**Work required**
Down to the last line, repeat the data below exactly.

(Data extract)

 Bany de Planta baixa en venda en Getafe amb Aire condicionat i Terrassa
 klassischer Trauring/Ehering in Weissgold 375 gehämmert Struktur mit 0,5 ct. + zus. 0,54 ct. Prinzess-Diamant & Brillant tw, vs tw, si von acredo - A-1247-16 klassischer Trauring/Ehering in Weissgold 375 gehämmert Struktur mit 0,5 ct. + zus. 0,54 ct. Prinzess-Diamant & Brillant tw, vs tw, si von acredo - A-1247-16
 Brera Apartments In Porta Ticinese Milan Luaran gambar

(End Data extract)

**Answer section**
 Bany de Planta baixa en venda en Getafe amb Aire condicionat i Terrassa
 klassischer Trauring/Ehering in Weissgold 375 gehämmert Struktur mit 0,5 ct. + zus. 0,54 ct. Prinzess-Diamant & Brillant tw, vs tw, si von acredo - A-1247-16 klassischer Trauring/Ehering in Weissgold 375 gehämmert Struktur mit 0,5 ct. + zus. 0,54 ct. Prinzess-Diamant & Brillant tw, vs tw, si von acredo - A-1247-16
 Brera Apartments In Porta Ticinese Milan Luaran gambar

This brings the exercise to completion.